In this 2008 Salzburg Festival production on DVD (Amazon), Claus Guth stages Don Giovanni in just such a forest, a group of pines that rotate on a turntable to disorienting effect. Is there a world outside of it? Sometimes mist rises threateningly in the background. But despite the presence of a bus stop and Don Ottavio’s car, there’s no exit. Don Giovanni and Leporello are a mortally wounded and drug-addled Vladimir and Estragon who are waiting for… something.
I needed an antidote to the Met’s empty Don Giovanni of a few weeks ago, and this production was perfect. I don’t agree with all of it, but it’s fascinating and very smartly done. The Commendatore seems to escape the duel OK, but Don Giovanni is mortally wounded and spends the rest of the opera dying; it’s never clear whether the rest of the events are actually happening or just his fervid memories or delusions. This twist plus the surreal setting mean there’s a fair amount of the plot that is not staged literally (the Serenade is sung out to the audience as a memory of seductions gone by, almost a mad scene), but this actually makes the episodic second act work unusually smoothly. The characters are modernized: Donna Anna is repressed housewife engaged to the useless yuppie Ottavio (yeah, this problem), Donna Elvira is a repressed businesswoman who is actually sex-crazed (kind of an ugly characterization, but I can see how it comes out of the text). It’s dark and spooky–literally in terms of darkness–and the sextet at the end gets the axe. (It’s the Vienna version of the score, which means there’s the little Leporello-Zerlina duet but no Il mio tesoro and no final sextet. The cans of Pilsner Urquell may be an allusion to the opera’s Prague premiere, though.)

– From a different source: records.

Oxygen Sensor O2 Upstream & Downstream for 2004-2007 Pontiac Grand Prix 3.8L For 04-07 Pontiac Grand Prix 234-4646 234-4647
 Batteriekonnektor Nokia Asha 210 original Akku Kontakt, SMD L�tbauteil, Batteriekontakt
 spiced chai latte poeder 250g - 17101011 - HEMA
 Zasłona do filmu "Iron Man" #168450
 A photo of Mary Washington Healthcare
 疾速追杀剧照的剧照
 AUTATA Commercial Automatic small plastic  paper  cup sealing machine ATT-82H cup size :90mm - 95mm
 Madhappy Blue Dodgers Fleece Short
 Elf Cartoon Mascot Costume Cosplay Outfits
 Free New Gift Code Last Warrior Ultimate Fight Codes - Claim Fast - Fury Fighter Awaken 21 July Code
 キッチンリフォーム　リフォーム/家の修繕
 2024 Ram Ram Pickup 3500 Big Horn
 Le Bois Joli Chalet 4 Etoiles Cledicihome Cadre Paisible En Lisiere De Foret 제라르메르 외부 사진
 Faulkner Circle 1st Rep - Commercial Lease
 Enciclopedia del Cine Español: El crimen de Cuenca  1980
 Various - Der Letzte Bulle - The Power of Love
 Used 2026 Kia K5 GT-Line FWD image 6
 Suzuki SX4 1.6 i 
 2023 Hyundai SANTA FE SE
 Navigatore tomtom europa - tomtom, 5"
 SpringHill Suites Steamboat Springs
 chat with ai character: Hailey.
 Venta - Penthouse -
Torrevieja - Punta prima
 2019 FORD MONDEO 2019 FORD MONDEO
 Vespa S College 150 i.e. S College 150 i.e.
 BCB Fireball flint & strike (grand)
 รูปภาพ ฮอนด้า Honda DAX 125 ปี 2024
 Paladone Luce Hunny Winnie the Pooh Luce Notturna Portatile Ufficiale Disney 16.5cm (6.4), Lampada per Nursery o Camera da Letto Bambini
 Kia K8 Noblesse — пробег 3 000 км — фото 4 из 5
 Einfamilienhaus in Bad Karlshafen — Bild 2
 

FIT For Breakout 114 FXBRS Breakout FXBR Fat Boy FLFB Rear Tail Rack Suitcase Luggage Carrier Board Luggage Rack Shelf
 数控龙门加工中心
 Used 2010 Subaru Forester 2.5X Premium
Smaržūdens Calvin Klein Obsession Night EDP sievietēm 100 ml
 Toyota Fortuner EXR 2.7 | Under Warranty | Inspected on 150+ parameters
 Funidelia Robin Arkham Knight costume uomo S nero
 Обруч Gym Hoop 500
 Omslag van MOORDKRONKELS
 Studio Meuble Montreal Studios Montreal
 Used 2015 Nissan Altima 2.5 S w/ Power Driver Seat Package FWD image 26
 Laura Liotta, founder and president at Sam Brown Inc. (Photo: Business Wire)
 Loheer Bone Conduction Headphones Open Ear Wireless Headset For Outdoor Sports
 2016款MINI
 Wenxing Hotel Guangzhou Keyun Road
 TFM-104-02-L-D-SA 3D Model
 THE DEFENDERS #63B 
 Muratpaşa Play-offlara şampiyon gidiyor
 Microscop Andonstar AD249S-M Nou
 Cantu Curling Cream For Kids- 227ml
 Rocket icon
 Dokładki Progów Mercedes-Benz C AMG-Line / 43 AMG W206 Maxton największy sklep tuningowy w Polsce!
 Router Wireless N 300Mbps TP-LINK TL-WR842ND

The main disappointment of the production is Bertrand de Billy’s bland conducting. He goes with HIP fleetness, but the Wiener Philharmoniker plays with so much vibrato that the pitch in the overture actually doesn’t seem quite stable somehow. Fortunately the cast can both sing really well and carry off the complex production convincingly. Christopher Maltman gives an intense performance in the title role, with the kind of magnetism required of a Don Giovanni and a beautiful, fairly light voice. Other vocal highlights are Dorothea Röschmann’s powerhouse Donna Elvira and Ekaterina Siurina’s impeccable Zerlina. Theatrically, Erwin Schrott’s Leporello carries the show. I’ve seen Schrott as the Don in several different productions (I’m not a particular fan but there were a few years when you basically couldn’t see a Don Giovanni without him in the title role), but I wonder if he isn’t actually better as Leporello. It suits his low voice better, and also his wit and comic timing (his Don was sometimes too funny). Anyway, here Leporello is going through some drug issues and it isn’t going well. The cast’s only major weakness is Annette Dasch as Donna Anna, whose squally tone and iffy intonation are tough on the ears, though she acts well. Matthew Polenzani is a well-sung but rather faceless Ottavio.